■ PROBLEM DESCRIPTION
Drop the pictures and repeat the remaining data exactly.
------ COLLECTED DATA ------
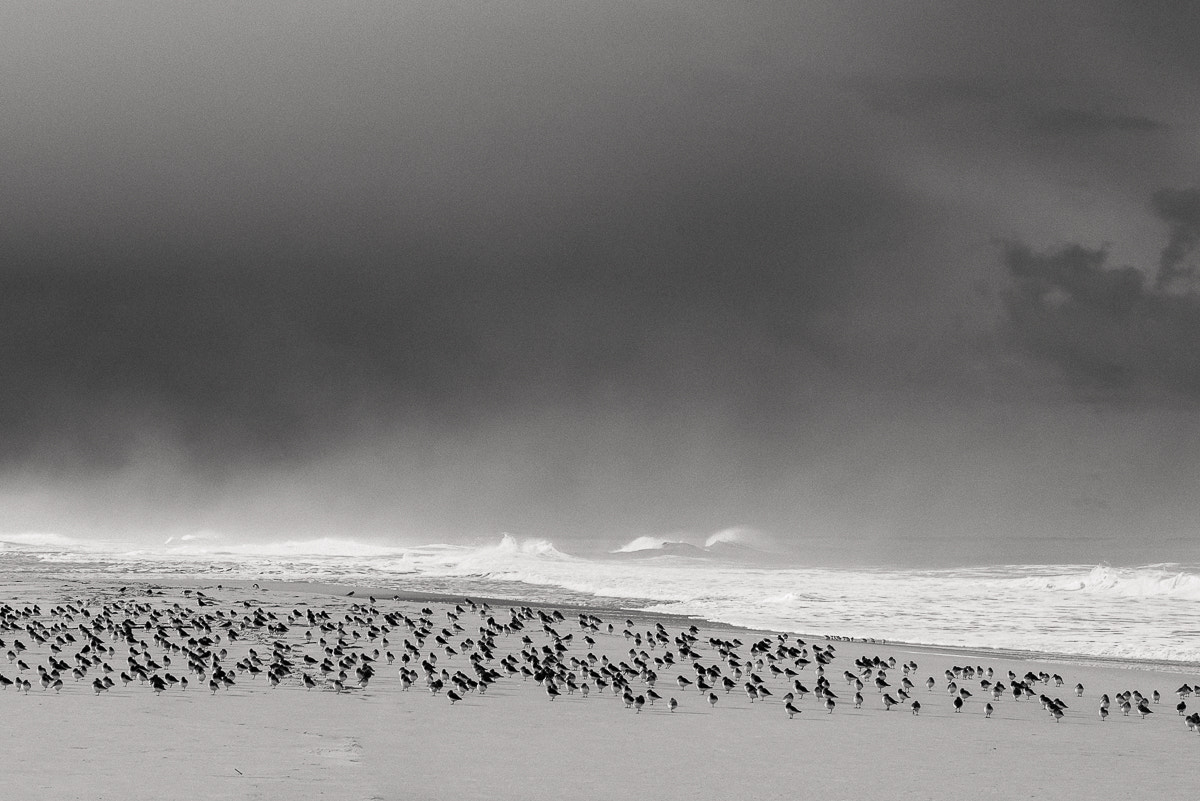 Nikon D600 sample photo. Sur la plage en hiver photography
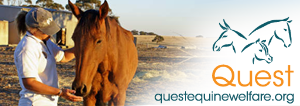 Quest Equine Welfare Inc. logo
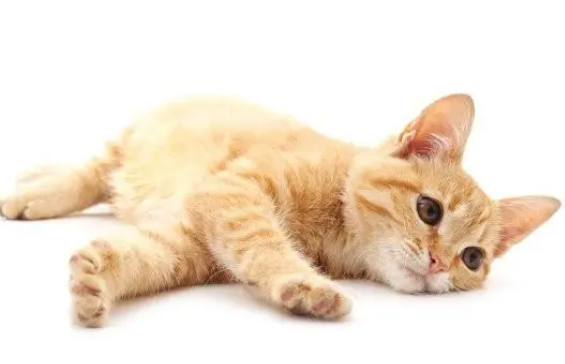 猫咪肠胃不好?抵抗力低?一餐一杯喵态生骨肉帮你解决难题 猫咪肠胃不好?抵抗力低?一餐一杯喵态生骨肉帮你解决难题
------
■ TASK SOLUTION
 Nikon D600 sample photo. Sur la plage en hiver photography
 Quest Equine Welfare Inc. logo
 猫咪肠胃不好?抵抗力低?一餐一杯喵态生骨肉帮你解决难题 猫咪肠胃不好?抵抗力低?一餐一杯喵态生骨肉帮你解决难题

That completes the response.